**Saved entries:**
______________________________

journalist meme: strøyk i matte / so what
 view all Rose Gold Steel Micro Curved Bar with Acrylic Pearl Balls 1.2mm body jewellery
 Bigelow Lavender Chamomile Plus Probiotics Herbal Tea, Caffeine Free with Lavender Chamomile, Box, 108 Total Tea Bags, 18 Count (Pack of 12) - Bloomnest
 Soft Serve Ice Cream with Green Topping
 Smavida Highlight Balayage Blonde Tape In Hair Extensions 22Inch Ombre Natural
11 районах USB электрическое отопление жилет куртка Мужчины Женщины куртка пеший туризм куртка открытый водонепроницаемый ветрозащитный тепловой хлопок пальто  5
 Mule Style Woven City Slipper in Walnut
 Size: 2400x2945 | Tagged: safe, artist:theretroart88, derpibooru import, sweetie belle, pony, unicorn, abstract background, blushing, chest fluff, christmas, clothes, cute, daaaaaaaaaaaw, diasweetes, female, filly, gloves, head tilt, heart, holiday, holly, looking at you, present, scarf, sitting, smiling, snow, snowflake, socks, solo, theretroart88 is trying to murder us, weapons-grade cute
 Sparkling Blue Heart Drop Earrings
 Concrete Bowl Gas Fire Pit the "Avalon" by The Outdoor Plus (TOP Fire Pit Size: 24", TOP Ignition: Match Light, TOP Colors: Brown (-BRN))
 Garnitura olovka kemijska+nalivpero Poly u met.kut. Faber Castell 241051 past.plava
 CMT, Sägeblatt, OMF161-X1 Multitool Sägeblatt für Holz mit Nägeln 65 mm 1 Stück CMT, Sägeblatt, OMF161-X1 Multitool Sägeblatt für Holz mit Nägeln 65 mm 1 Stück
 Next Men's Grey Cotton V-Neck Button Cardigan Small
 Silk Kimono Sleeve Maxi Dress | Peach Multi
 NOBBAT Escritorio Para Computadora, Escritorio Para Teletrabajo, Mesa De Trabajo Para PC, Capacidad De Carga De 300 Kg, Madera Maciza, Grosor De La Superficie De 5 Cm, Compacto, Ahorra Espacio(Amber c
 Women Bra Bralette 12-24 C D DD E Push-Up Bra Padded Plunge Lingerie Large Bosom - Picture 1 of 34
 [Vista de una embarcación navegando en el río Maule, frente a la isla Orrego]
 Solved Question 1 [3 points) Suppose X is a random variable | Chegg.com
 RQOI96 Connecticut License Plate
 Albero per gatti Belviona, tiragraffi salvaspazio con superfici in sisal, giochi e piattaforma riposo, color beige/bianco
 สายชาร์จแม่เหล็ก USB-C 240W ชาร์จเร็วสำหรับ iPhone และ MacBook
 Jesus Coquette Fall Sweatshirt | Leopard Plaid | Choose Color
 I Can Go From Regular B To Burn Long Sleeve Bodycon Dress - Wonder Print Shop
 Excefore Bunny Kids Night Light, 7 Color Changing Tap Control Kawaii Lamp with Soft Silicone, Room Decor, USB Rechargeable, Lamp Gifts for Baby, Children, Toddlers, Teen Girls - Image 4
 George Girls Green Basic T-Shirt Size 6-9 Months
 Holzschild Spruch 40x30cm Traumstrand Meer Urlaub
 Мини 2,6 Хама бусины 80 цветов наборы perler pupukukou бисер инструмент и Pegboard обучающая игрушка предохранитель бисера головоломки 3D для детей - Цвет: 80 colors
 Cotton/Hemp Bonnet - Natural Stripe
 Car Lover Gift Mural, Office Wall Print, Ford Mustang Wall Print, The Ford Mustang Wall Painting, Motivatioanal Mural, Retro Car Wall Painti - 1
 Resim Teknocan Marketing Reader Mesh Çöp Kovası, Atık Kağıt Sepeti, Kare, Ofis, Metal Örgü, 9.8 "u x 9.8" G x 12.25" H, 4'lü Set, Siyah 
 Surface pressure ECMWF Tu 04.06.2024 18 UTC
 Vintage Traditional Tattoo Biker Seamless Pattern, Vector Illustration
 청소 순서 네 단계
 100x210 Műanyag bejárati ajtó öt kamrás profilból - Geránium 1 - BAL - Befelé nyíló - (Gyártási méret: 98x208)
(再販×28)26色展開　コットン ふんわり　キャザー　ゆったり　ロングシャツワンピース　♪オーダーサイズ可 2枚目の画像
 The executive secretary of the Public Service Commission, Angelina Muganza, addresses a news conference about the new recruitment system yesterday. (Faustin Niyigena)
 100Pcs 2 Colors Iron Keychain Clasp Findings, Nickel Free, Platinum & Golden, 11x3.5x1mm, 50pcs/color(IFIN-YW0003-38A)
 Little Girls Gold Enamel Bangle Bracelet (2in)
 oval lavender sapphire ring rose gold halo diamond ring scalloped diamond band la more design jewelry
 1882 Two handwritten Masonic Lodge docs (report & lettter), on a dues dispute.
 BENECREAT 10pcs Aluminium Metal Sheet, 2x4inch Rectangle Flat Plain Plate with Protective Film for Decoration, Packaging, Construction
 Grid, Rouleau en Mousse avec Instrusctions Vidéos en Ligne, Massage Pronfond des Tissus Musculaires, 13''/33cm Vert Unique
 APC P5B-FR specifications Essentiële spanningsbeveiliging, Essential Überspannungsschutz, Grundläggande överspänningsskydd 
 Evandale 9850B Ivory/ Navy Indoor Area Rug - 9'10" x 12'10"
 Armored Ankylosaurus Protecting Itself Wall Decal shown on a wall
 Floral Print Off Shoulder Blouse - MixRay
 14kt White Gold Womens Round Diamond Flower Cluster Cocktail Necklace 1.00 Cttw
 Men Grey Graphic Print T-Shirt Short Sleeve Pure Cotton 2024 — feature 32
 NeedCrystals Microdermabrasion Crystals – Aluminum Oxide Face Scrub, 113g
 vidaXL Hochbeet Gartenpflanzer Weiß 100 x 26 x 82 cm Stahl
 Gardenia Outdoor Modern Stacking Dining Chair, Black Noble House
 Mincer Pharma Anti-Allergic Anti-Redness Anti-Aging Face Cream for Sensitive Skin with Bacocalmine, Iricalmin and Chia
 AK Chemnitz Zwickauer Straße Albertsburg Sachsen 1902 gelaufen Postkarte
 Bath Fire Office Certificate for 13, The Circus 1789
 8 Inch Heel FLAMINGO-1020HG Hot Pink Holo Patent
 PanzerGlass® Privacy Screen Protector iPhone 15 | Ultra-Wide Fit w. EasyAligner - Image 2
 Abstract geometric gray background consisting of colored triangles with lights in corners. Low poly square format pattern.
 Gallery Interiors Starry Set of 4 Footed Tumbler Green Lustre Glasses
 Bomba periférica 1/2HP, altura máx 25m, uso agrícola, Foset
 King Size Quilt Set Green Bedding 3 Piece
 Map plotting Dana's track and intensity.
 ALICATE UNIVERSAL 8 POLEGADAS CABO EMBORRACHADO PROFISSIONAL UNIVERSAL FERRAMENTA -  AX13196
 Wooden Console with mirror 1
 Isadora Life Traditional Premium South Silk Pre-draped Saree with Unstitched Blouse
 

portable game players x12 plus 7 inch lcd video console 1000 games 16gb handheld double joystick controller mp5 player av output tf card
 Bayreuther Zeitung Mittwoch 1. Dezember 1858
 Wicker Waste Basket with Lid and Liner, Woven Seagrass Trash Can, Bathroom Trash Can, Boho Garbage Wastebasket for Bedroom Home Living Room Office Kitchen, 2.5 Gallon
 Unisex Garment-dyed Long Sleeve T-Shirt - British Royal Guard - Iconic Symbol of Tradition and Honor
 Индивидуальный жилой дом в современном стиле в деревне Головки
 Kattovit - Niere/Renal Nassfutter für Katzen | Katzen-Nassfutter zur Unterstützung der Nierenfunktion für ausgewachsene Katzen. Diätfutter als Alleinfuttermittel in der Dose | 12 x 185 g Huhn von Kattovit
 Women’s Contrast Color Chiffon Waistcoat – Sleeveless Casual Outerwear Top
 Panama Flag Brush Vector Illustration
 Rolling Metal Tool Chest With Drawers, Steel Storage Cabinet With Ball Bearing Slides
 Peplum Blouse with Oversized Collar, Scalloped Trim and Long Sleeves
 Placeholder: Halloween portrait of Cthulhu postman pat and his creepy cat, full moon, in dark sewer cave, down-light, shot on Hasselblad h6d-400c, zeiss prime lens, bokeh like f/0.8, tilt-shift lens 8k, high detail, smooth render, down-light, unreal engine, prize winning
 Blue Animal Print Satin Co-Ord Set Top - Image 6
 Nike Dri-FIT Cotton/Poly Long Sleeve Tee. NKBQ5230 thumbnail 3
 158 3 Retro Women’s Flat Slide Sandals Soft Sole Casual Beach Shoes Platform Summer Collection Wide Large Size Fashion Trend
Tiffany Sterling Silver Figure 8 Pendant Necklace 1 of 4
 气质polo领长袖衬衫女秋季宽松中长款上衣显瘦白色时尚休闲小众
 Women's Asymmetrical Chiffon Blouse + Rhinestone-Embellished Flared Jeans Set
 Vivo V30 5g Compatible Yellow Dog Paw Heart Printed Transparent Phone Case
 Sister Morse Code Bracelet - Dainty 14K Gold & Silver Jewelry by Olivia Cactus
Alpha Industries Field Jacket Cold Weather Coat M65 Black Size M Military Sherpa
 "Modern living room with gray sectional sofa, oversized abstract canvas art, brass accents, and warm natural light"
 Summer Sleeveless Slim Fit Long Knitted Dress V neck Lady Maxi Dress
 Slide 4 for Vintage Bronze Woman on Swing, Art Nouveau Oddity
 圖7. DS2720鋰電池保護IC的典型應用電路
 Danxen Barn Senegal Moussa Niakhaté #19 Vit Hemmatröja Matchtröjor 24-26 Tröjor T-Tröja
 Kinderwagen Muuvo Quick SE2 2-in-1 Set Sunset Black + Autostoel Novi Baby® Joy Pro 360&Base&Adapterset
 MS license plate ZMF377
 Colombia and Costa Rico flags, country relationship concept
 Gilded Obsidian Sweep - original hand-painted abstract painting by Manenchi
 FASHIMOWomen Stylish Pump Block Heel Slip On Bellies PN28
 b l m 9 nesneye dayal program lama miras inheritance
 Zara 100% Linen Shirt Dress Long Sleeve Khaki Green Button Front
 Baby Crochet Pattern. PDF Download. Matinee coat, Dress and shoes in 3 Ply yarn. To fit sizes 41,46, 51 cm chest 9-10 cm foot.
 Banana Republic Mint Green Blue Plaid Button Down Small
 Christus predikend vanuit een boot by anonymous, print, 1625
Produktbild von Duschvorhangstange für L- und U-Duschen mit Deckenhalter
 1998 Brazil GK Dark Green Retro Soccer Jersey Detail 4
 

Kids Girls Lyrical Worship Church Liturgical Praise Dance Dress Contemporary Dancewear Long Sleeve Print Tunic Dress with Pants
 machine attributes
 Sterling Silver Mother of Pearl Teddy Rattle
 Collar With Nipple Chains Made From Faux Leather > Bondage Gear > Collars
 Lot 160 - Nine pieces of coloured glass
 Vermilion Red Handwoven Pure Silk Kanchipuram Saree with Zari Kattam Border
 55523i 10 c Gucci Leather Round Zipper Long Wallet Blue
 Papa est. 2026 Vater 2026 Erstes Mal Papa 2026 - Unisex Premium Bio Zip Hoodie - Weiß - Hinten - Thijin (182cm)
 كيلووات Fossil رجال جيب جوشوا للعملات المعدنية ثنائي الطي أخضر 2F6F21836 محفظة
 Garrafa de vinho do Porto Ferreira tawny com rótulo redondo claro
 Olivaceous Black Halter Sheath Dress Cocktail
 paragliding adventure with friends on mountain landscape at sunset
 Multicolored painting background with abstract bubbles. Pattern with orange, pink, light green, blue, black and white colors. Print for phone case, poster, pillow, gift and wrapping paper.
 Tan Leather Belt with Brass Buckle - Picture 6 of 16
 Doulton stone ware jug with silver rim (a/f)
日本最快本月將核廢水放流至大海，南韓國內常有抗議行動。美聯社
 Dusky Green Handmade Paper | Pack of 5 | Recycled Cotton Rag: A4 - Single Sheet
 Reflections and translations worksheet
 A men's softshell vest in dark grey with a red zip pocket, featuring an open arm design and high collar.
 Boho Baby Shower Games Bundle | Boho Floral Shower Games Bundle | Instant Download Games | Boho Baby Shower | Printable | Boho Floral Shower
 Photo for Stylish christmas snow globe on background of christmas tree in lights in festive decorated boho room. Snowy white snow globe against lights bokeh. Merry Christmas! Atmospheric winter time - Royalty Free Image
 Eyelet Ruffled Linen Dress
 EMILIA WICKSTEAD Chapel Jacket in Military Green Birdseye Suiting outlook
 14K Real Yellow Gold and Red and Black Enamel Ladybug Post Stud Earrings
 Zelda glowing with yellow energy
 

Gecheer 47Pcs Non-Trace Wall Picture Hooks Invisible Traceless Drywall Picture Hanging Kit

______________________________

**WHAT NEEDS TO BE DONE:**
Return word for word the lines above from the line with "Holzschild Spruch 40x30cm" to the line with "100x210 Műanyag bejárati", including both and leaving out all others.

**TASK RESULT:**
 Holzschild Spruch 40x30cm Traumstrand Meer Urlaub
 Мини 2,6 Хама бусины 80 цветов наборы perler pupukukou бисер инструмент и Pegboard обучающая игрушка предохранитель бисера головоломки 3D для детей - Цвет: 80 colors
 Cotton/Hemp Bonnet - Natural Stripe
 Car Lover Gift Mural, Office Wall Print, Ford Mustang Wall Print, The Ford Mustang Wall Painting, Motivatioanal Mural, Retro Car Wall Painti - 1
 Resim Teknocan Marketing Reader Mesh Çöp Kovası, Atık Kağıt Sepeti, Kare, Ofis, Metal Örgü, 9.8 "u x 9.8" G x 12.25" H, 4'lü Set, Siyah 
 Surface pressure ECMWF Tu 04.06.2024 18 UTC
 Vintage Traditional Tattoo Biker Seamless Pattern, Vector Illustration
 청소 순서 네 단계
 100x210 Műanyag bejárati ajtó öt kamrás profilból - Geránium 1 - BAL - Befelé nyíló - (Gyártási méret: 98x208)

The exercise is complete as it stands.